小橋 昭彦 2002年12月19日

 一夫一妻制とは何と尋ねられて、あらためて悩む。一匹の雄と一匹の雌が一定の期間つがいでいることと定義はできるが、どのくらいの期間かというと明確な規定は見つからず、では夫なり妻なりが浮気した夫婦は一夫一妻かと問われると、言葉につまる。
 そもそもオスとメスがあるから、惚れた振られたくっついたまたかけたとややこしい。なぜ単性の細胞分裂で繁殖しないのか。仮にオトコとオンナ以外にオントという性があって、三者が揃わないと子孫を残せないと想像すればわかるように、遺伝子を残すためには性はむしろやっかいで効率が悪い。ひとりだけでできる細胞分裂が確実だ。
 それなのにオスとメスがあって、両者の遺伝子を交わらせるメリットは何か。このところ評判の高いのが「赤の女王仮説」だ。オスとメスの遺伝子を混ぜ合わせることによって、遺伝子の構成を変え続けていくことが本質だという説。われわれは原虫類や病原菌、ウィルスなど、多くの寄生者に取り囲まれて生きている。それら寄生者は常に進化し、新しいタイプが生まれている。それぞれごとに対策を立てても間に合わないので、われわれとしてできることは、たえず自らの構造を変化させ、寄生種が進化したときにも耐えうる可能性を残すことしかない。
 赤の女王というのは、ルイス・キャロルの『鏡の国のアリス』に登場する走り続けるキャラクター。なぜ走るのと尋ねられ、「同じ場所に留まるためには、力の限り走らなければならない」と答えている。われわれがわれわれであり続けるために、オスとメスがあり、交わることで新しい可能性を生み出し続けるというわけだ。
 せわしない年の瀬にこんな話を思い出すと、なんだか体の隅々までよけいにせわしなさを感じて、ふとアリスと同じセリフを返したくもなる。「そんなに走りたいとは思いません」と。それでもやはり、明日には向かわないとね。

6 thoughts on “赤の女王

  1. 似たような話として、お勧めは「竹内久美子」さんのシリーズです。
    「そんなバカな!」「浮気人類進化論」
    「小さな悪魔の背中の窪み」「パラサイト日本人論」
    「もっとウソを!」「BC!な話」
    「浮気で産みたい女たち(旧題:三人目の子にご用心!)」
    「シンメトリーな男」「私が、答えます」

    利己的遺伝子(Selfish Gene)を中心に
    どうしてオトコとオンナは違うのかあたりを面白く
    書いています。

    最近文庫本になったアランビーズ・バーバラビーズの
    「話を聞かない男、地図の読めない女」は、
    大脳生理学面から、面白く書いていてこれもまた
    参考になるでしょう。

  2. いま気づいたのですが、オトコとオンナとオントという3種類の性があったとしても、遺伝子のバリエーションを増やして子孫を残すには、「三者が揃う」必要はありませんね。どの性とくっつくかの選択肢が増えるということで。発想が固まっていました。

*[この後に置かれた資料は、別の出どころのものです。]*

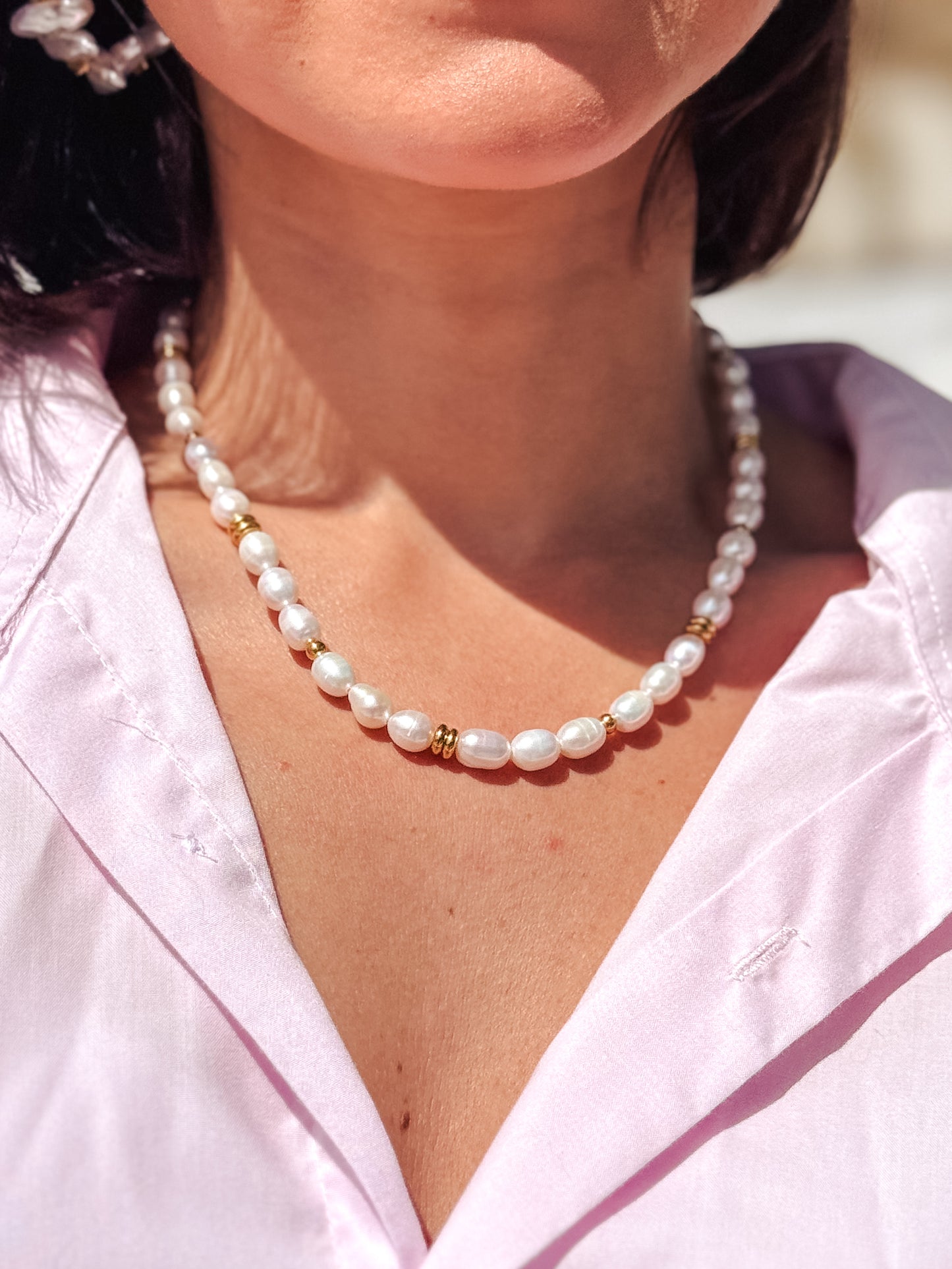 PEARLFECTLY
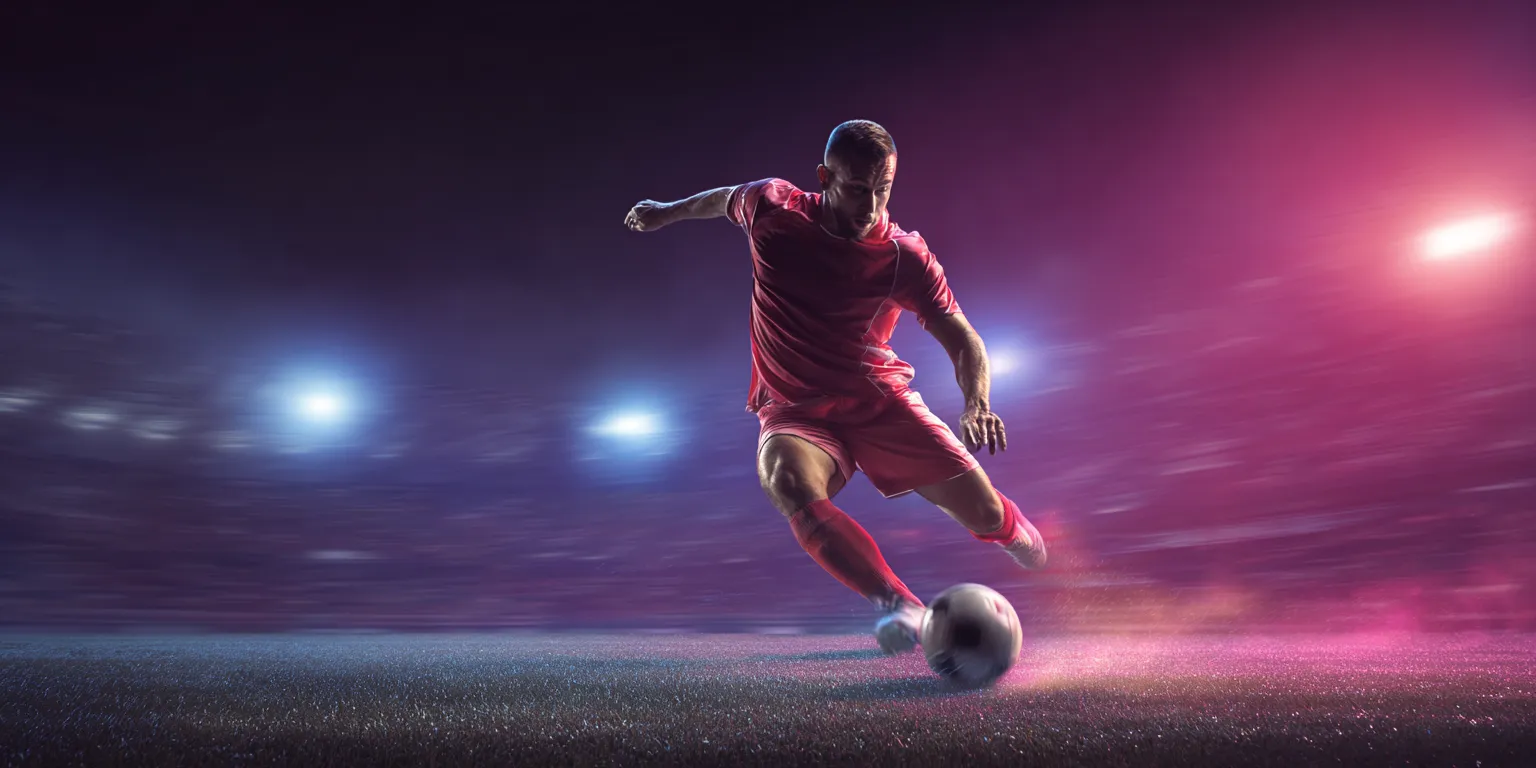 Khám Phá Venus Casino và Thế Giới Xổ Số Miền Nam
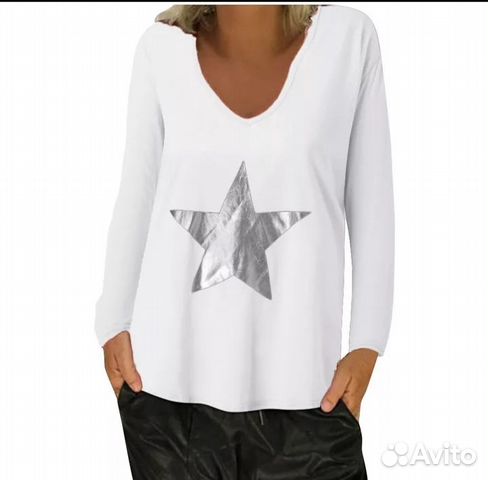 Кофта женская Кофта женская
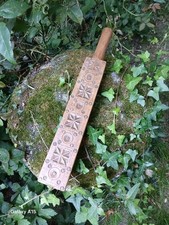 Unusual antique treen for sale  BUDLEIGH SALTERTON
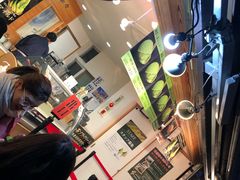 -鎌倉茶々(本店)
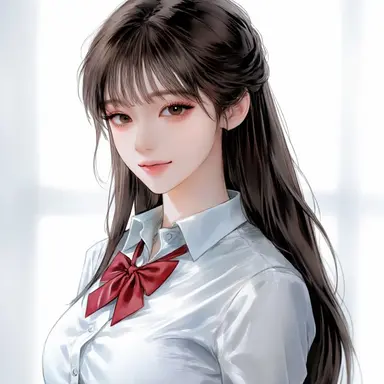 Profile image of 한소윤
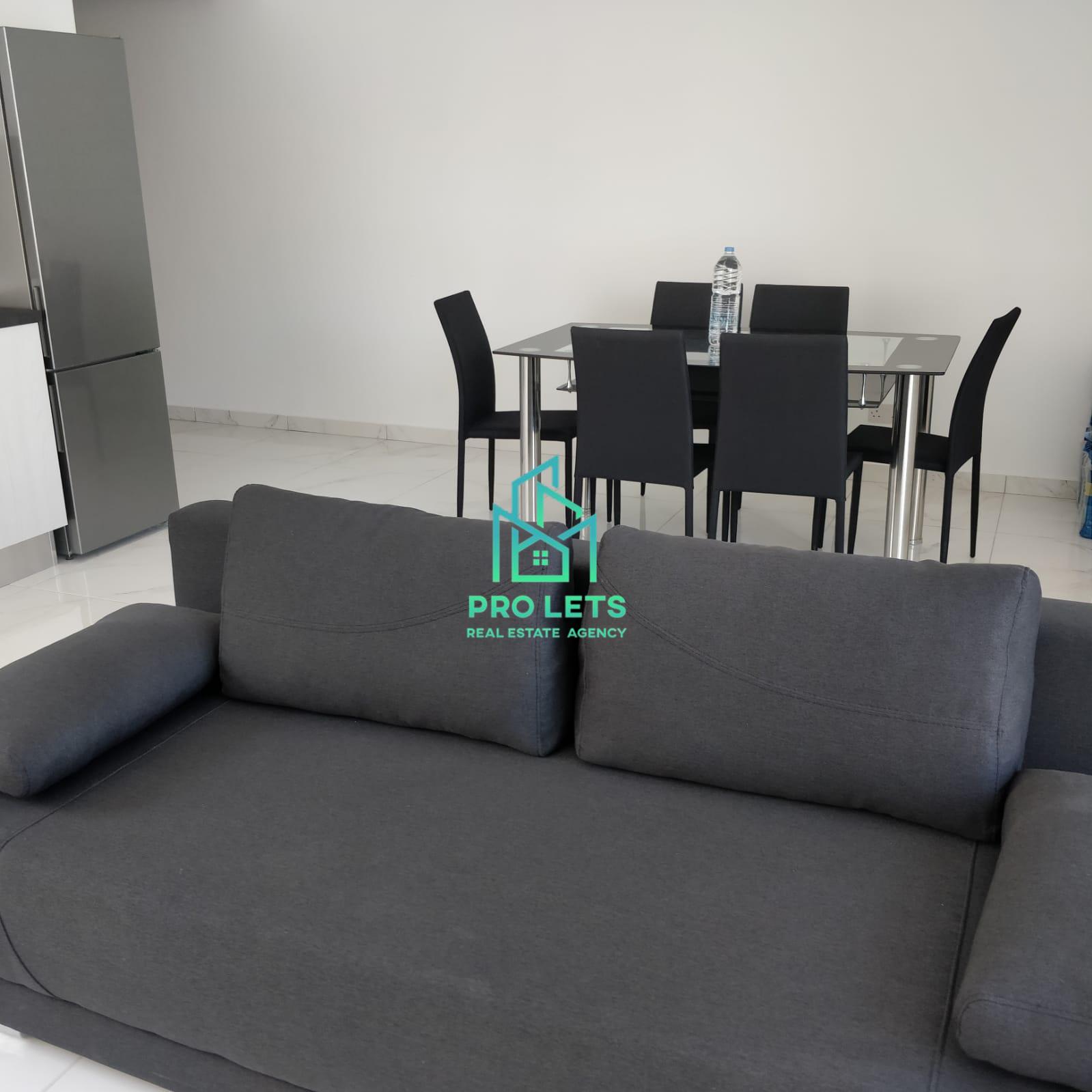 Gzira-Penthouse-33411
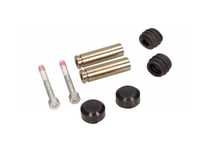Set accesorii, etrier frana Nissan CABSTAR 2006-2011 1131386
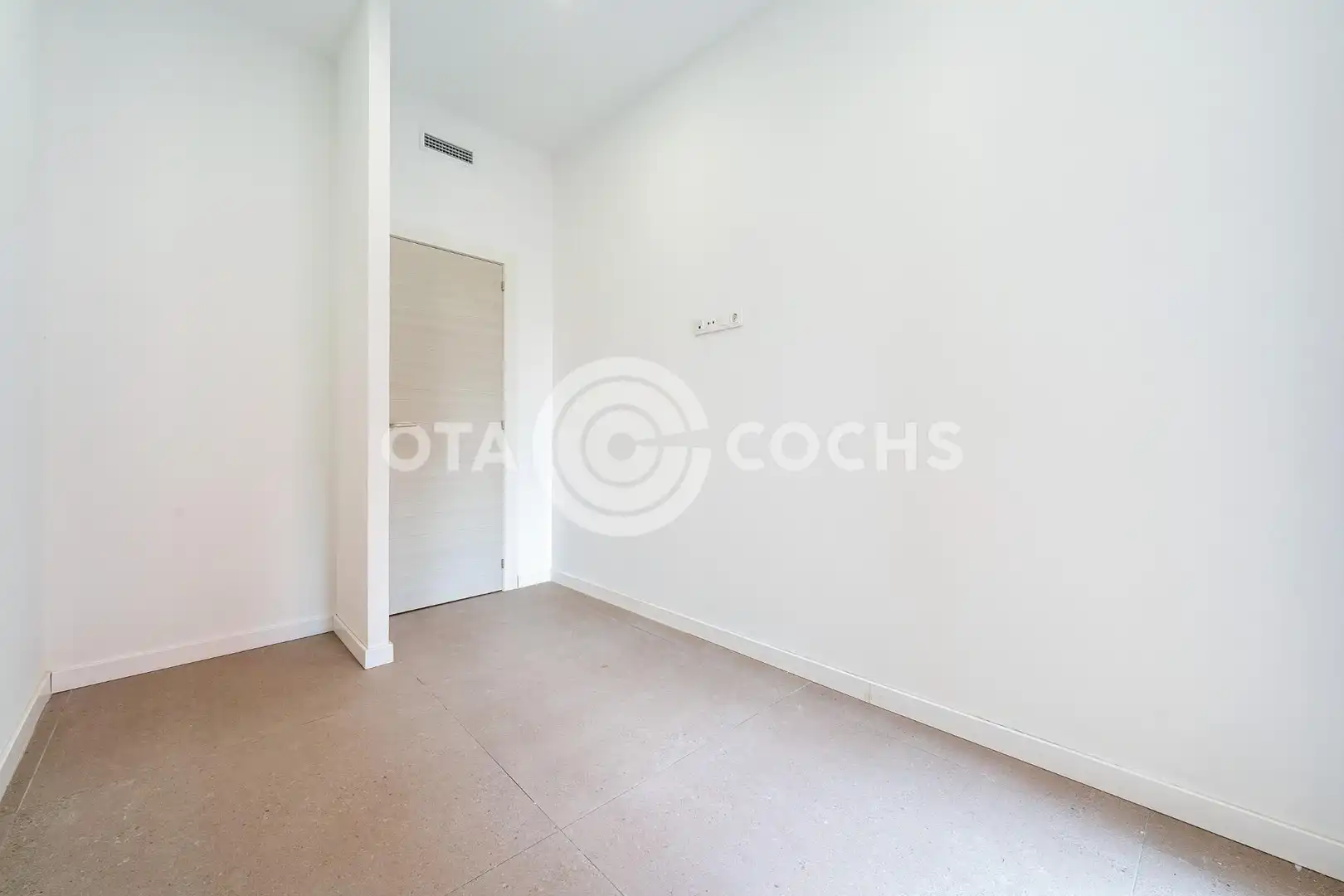 Appartamento con terrazza in vendita a Carrer de Llovera, imagen 21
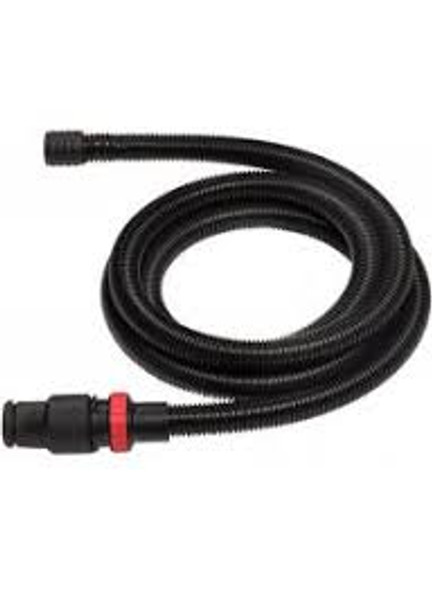 Bosch Hose L.3 m, D.35 mm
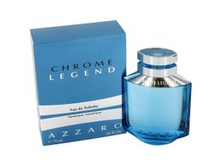 Chrome Legend 12 4c19073f9e7f2-220x220.jpg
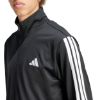 adidas-performance-dayready-tracksuits-ji8858
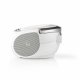 Nedis SPBB100WT #4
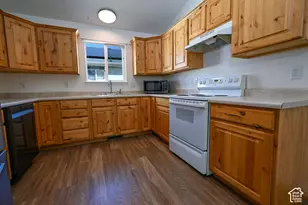 1644 E Ridgefield Rd, Spanish Fork, UT 84660 - Photo 34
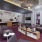 Leasing Center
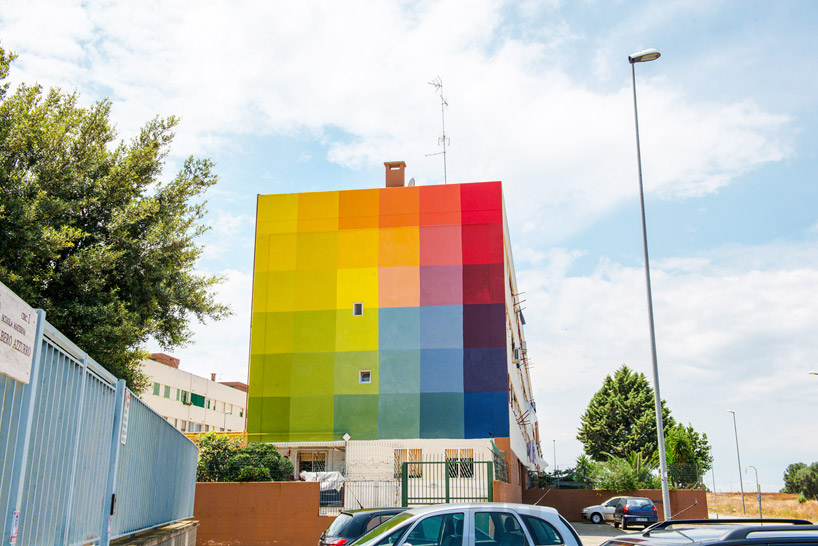 pigment-workroom-colorize-social-housing-neighborhood-bari-Alternopolis  (7)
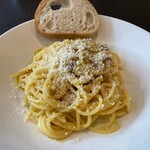 トラネトラ食堂 - 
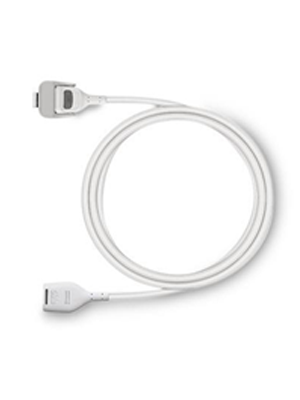 RD Set RAD-G 12ft Patient Cable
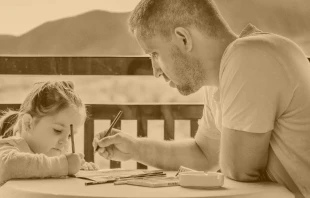 Imagen referencial. Cru00e9dito: Jessica Rockowitz / Unsplash. 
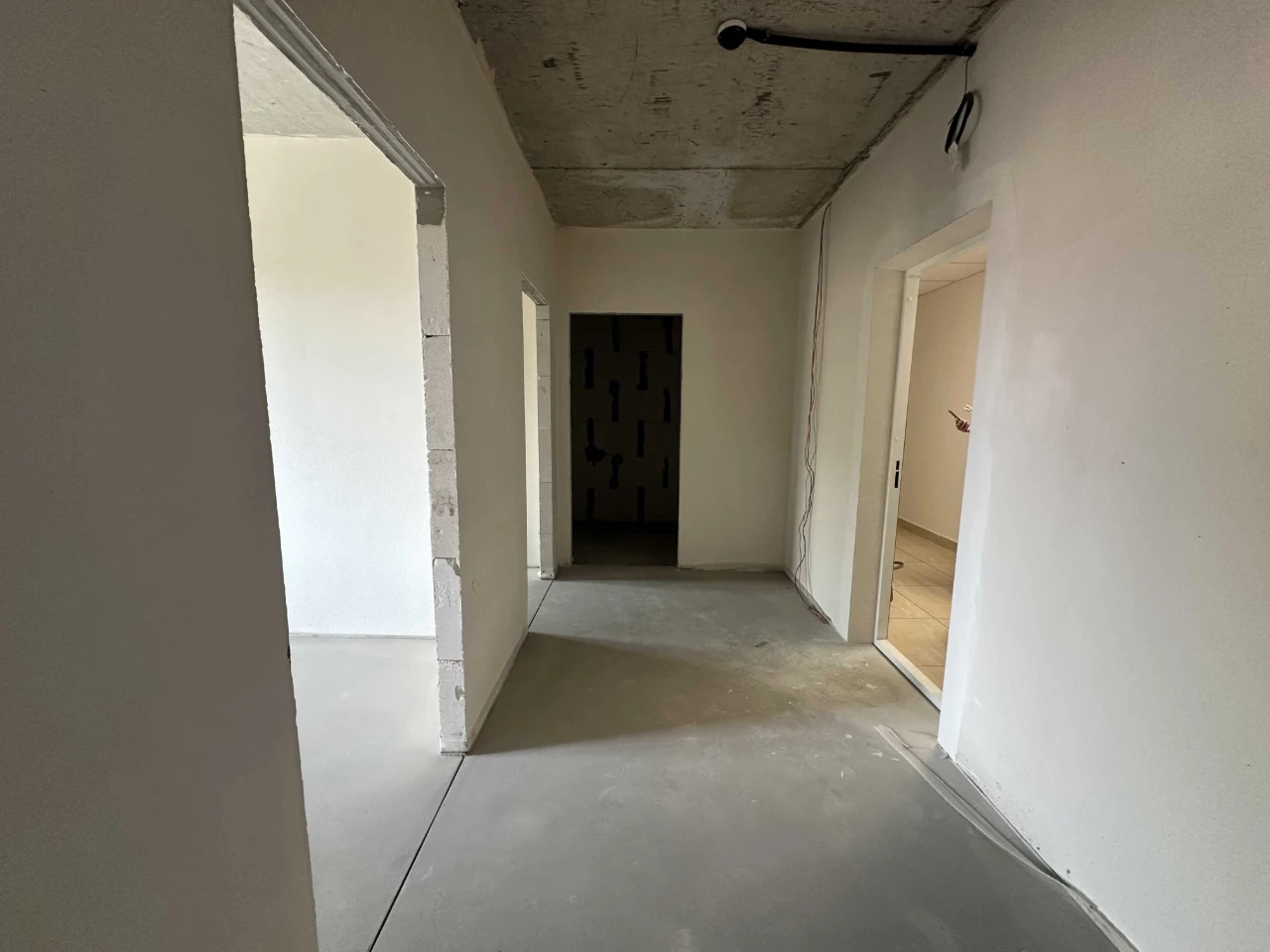 2-ком Виа Рома \ инглези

    #南上さん、ありがとうございます。竹内さんの著書、確かにおもしろいですね。

  3. 「アリス」は子供も大人もいろんなふうに読めて、ほんとにすごい童話ですね。詩人の吉岡実氏が生前、衝撃的な本として上げていたのを思い出します。
    なるほど赤の女王ですか。動きまわるもの(精子)と動かぬもの(卵子)との組み合わせ。
    南上さんにケチをつけるようで申し訳ないのですが、竹内久美子さんはどうでしょうか。読み物としては面白いのですが、内容はあまり信用しないのがいいのでは?と私は思っているのですが。気を悪くされたらごめんなさい。

  4. かなり昔に読んだので記憶に自信はないのですが、確かアイザック・アシモフの「神々自身」に、3つの性を持った生物が出てきたように思います。この生物の場合は、3者が揃わないと子作りができない設定だったと思いますが。

  5. 藤島さん、ありがとうございます!

    いやあ、ぼくもどこかで読んだと感じていたのですが、『神々自身』は既読だし、たぶんそれだったのでしょうね。SFにはほかにも3つの性が登場する作品がいくつかあるようですね。